Bus rapid transit station in Jakarta, Indonesia

Jembatan Baru is a Transjakarta bus rapid transit station located on Daan Mogot Street, Cengkareng Timur, Cengkareng, West Jakarta, Indonesia, serving Corridor 3. The station is located near Plaza Cengkareng Mall.

== History ==
The station opened on 15 January 2006 together with the rest of Corridor 3. On 1 June 2023, the station, alongside several other stations were closed for revitalisation works. Passengers were advised to use the adjacent Rawa Buaya and Pulo Nangka stations. The station reopened on 21 October 2023 for passenger service.

== Building and layout ==
The station features a similar design to that of Jembatan Gantung station, with six bus bays on each side of the platform.
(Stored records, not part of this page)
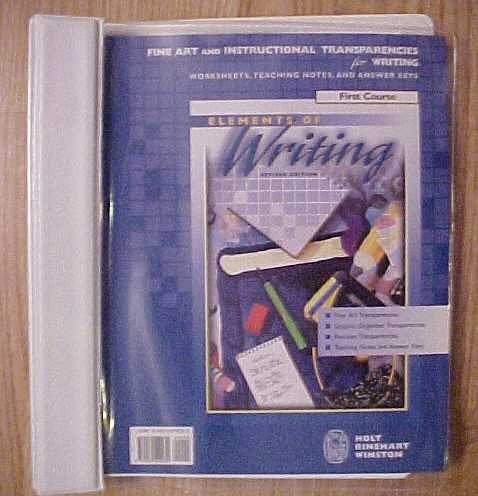 Stock image for ELEMENTS OF WRITING FIRST COURSE, FINE ART AND INSTRUCTIONAL TRANSPARENCIES FOR WRITING for sale by mixedbag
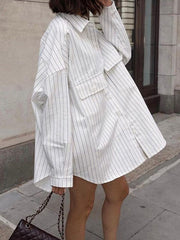 Split-Joint Striped Irregular Clipping Long Sleeves Lapel Blouses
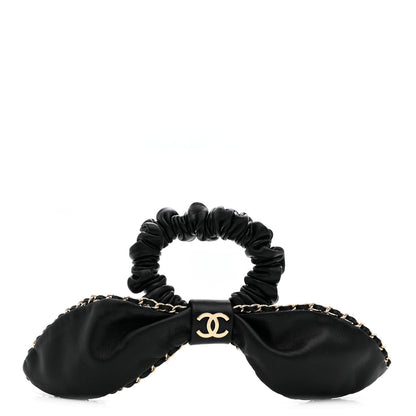 Chanel Lambskin Chain CC Bow Hair Scrunchie Black 2 of 8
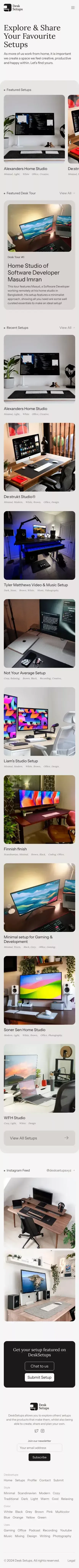 DeskSetups - Your source of desk setup inspiration mobile view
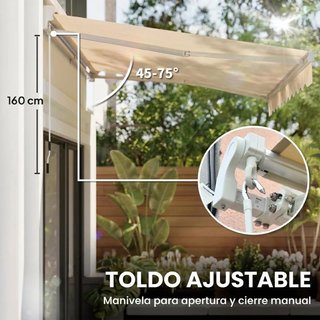 Toldo Retráctil 295x250 Manivela Ajustable Crema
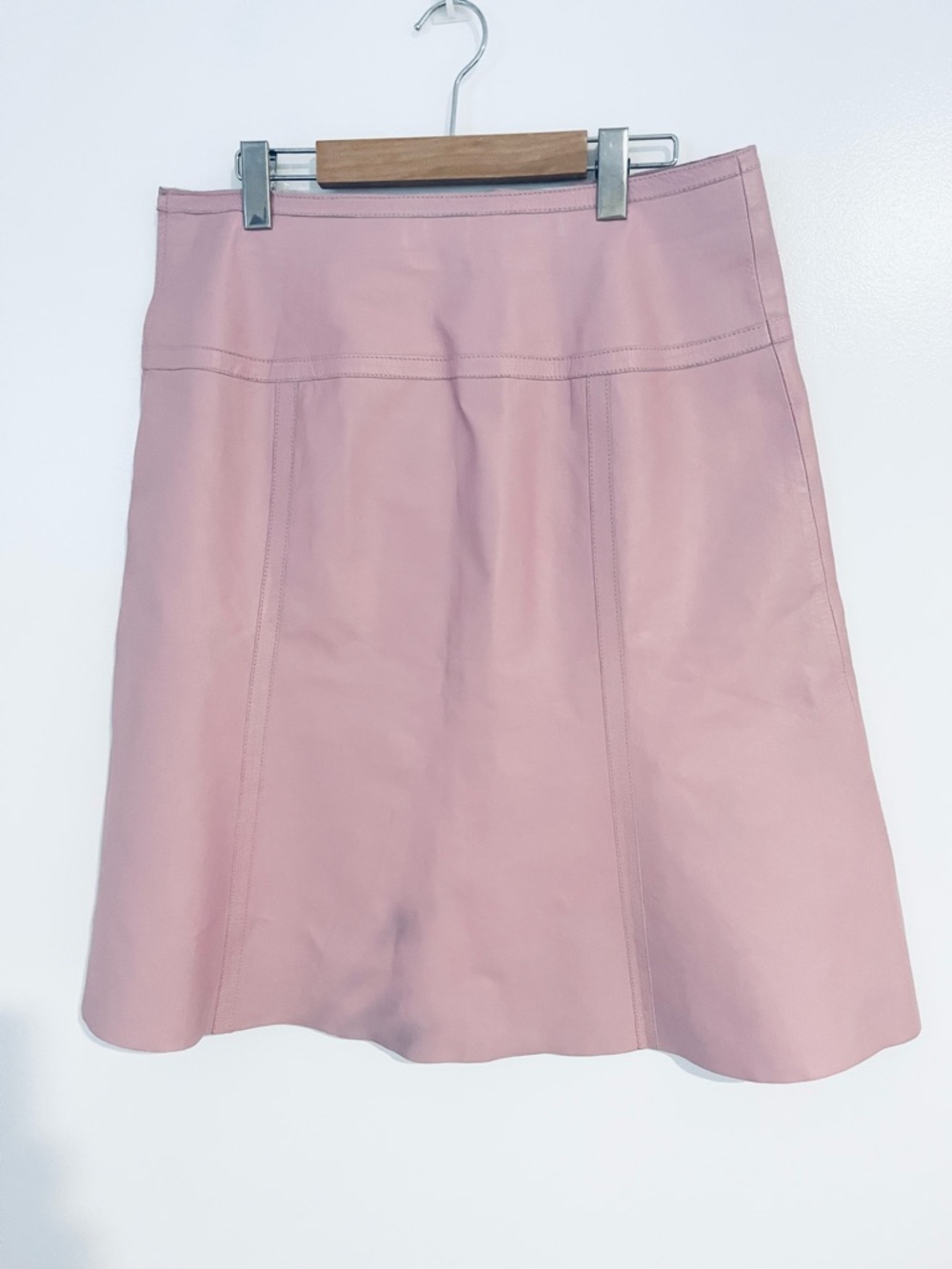 Danier Dusty Pink A-Line Leather Skirt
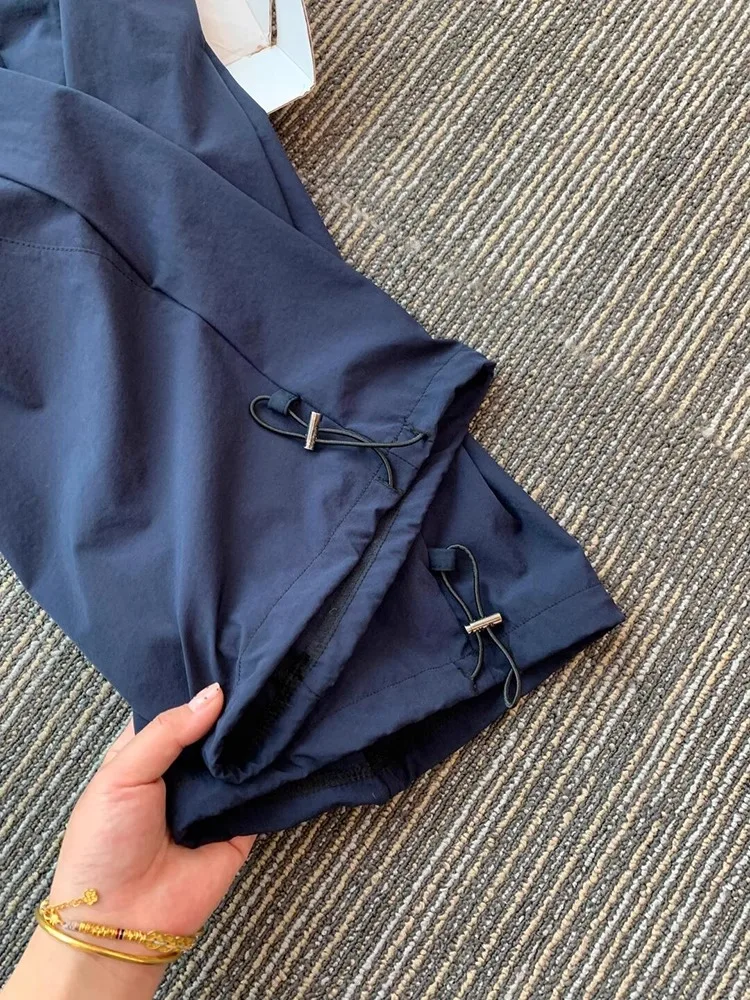 

k Blue Casual Straight Leg Pants Men's Summer Qui Dry Aesthetic Drape Knife Cut Cleanfit Loose Fit Faionable Teens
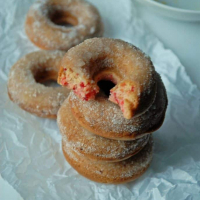 Sugared Baked Vegan Cherry Doughnuts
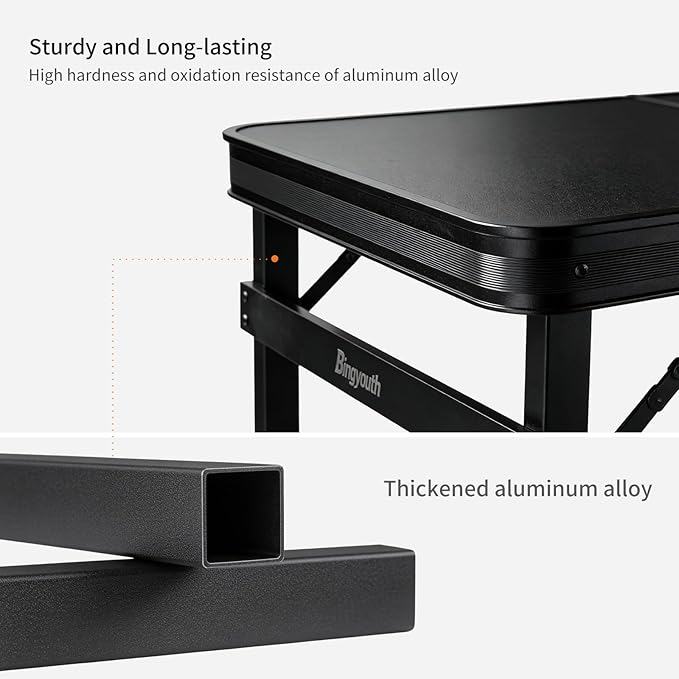 6FT x 2FT Folding Camping Table with Aluminum Alloy Legs Adjustable Height Portable Outdoor Picnic Table for Camping Travel Parties Kids Crafts and Market Vendor Use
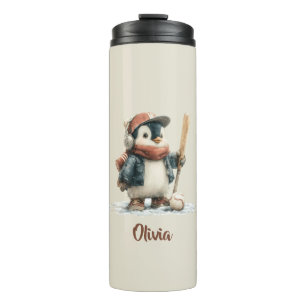 Personalisierter Winter-Pinguin-Softball-Kid Thermosbecher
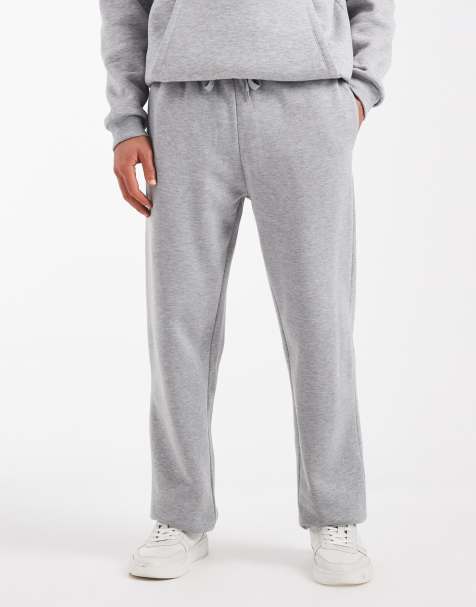 ASOS DESIGN essentials straight leg jogger in grey marl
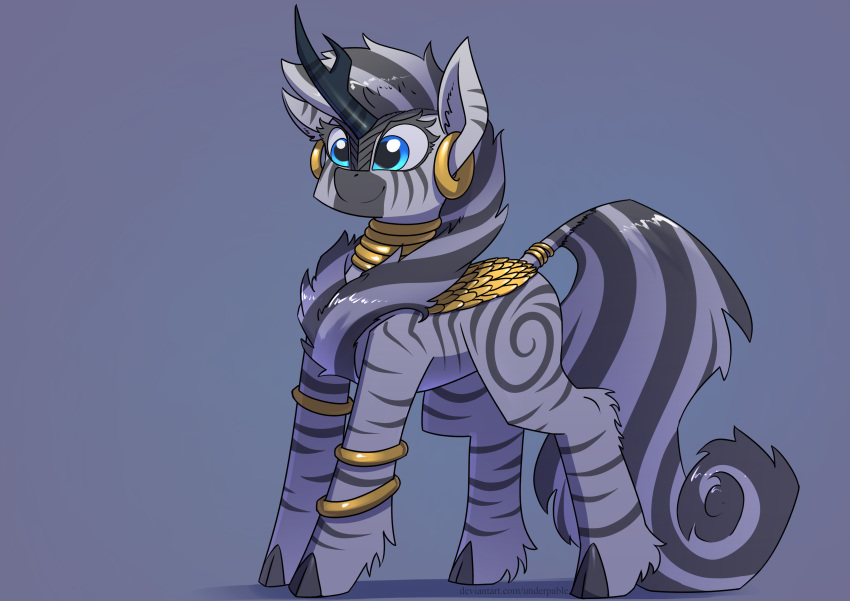 2020 absurd_res asian_mythology blue_eyes chinese_mythology cloven_hooves east_asian_mythology equid equine feral hi_res hooves horn hybrid kirin mammal mane my_little_pony mythology piercing scales solo stripes underpable zebra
The new station also features accessible toilets and a prayer room (musala).
| North | towards Monumen Nasional and towards Senayan Bank Jakarta | towards Pulo Gadung (Pulo Nangka) → |
Island platform, doors open on the right hand side
| South | ← (Rawa Buaya) | towards Kalideres | towards Rawa Buaya |

== Non-BRT bus services ==
The following is the list of non-BRT bus services serving areas around Jembatan Baru station, last updated on 23 March 2025:

| Type | Route | Destination | Notes |
| Inner city feeder |  | Sentraland Cengkareng—Puri Indah Mall | Inside the station |
| Mikrotrans Jak Lingko |  | Rusun Flamboyan— Kalideres | Beneath the flyover |
| JAK 50 | Puri Kembangan—Kalideres |
| JAK 52 | Muara Angke—Kalideres |
| JAK 79 | Cengkareng—Tubagus Angke |
| JAK 80 | Rawa Kompeni—Rawa Buaya |

== Incidents ==
On 1 January 2020, flooding occurred and submerged much of the Rawa Buaya subdistrict of Cengkareng. The station was closed and used as a refuge camp, and services were shortened. A similar incident occurred earlier on 20 January 2014, where the station was also used as a refuge camp.